Wednesday, September 09, 2009

"Tom Daschle is the human toe fungus of Washington"

Which would be more funny if it weren't true.
Despite abandoning his Secretary of Health and Human Services nomination in disgrace in February 2009, the K Street tax cheat who evaded IRS rules for years remains a top White House confidante and policy strategist. In fact, he’s leading the drive to save Obamacare. He climbed up from under the bus back into the Oval Office and onto the sets of Meet the Press and This Week with George Stephanopoulos to offer his rescue plan.

It’s Daschle’s idea to morph the unpopular “public option” into non-profit “health care co-ops” that will almost certainly receive government funding, support, and tax advantages over private insurers. Old colleagues on both sides of the Senate aisle are now promoting his alternative. Last week, he penned a Do It For Teddy Kennedy pep rally op-ed in the Wall Street Journal urging Democrats to go it alone and depend on the backroom Senate reconciliation process if necessary to get a deal done.
...
The White House told the Washington Post that Daschle is simply a trusted “sounding board” and “friend” offering invaluable assistance as an experienced individual with a passion for health care reform. But Daschle is the dictionary definition of a self-interested Washington lobbyist and Beltway swamp creature. Married to heavy-hitting aviation lobbyist Linda Hall Daschle
(who, as I recall, was getting rich as a lobbyist while he was in office), the former U.S. Senator from South Dakota has earned more than $5 million as a professional back-scratcher since leaving life as an entrenched incumbent.

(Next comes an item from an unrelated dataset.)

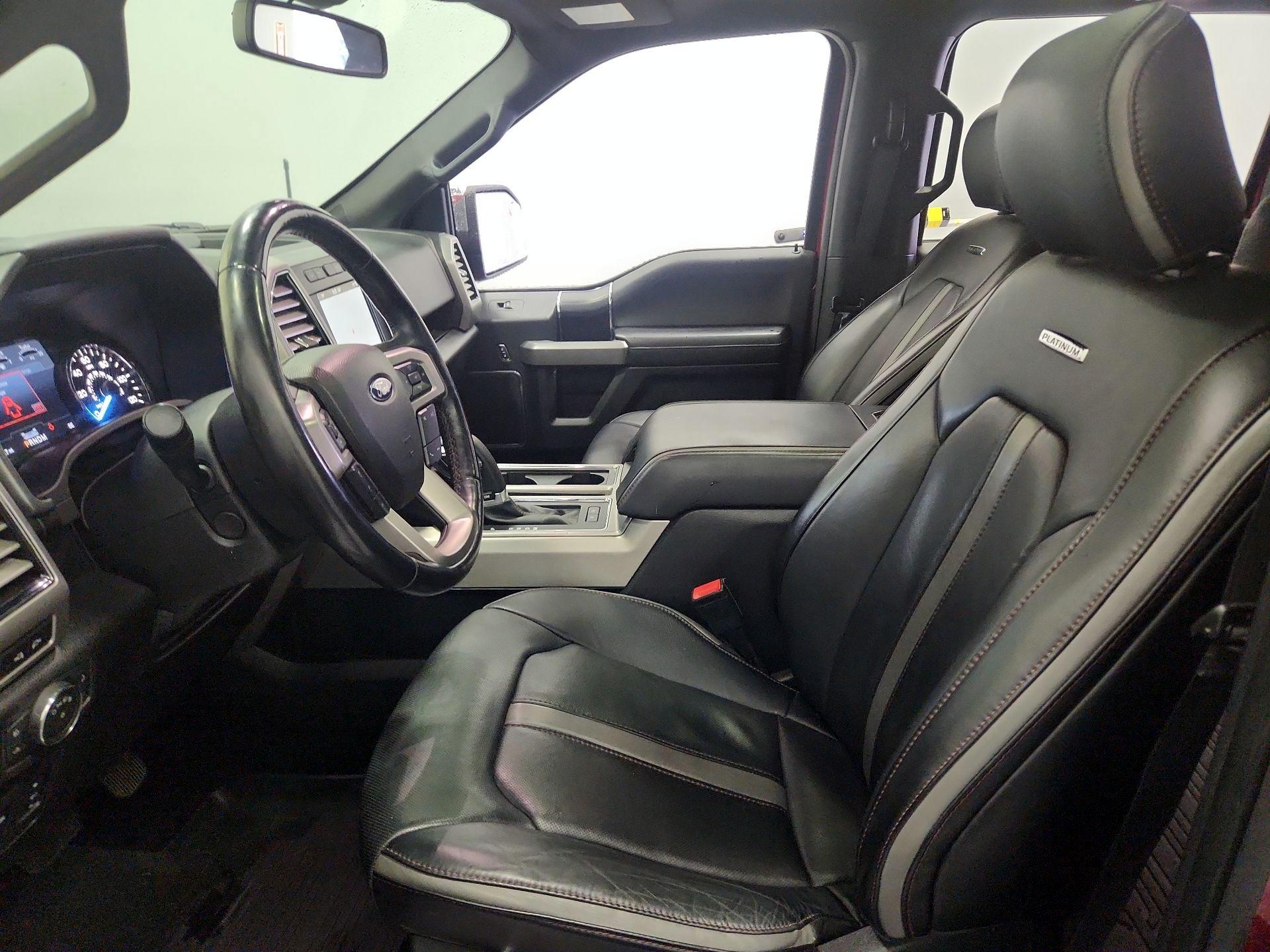 Thumbnail: 2018 Ford F-150 - 11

In the parlance of self-exempting Team Obama members, Daschle is merely a beneficent “resource,” as he described himself to the New York Times, serving the Public Interest.

The truth: Daschle is cashing in mightily on his role as “the architect of President Obama’s health care plan” in the private sector – and evading lobbyist disclosure by reinventing himself as a highly paid “senior adviser” to D.C.-based law firm/influence-peddling shop Alston & Bird.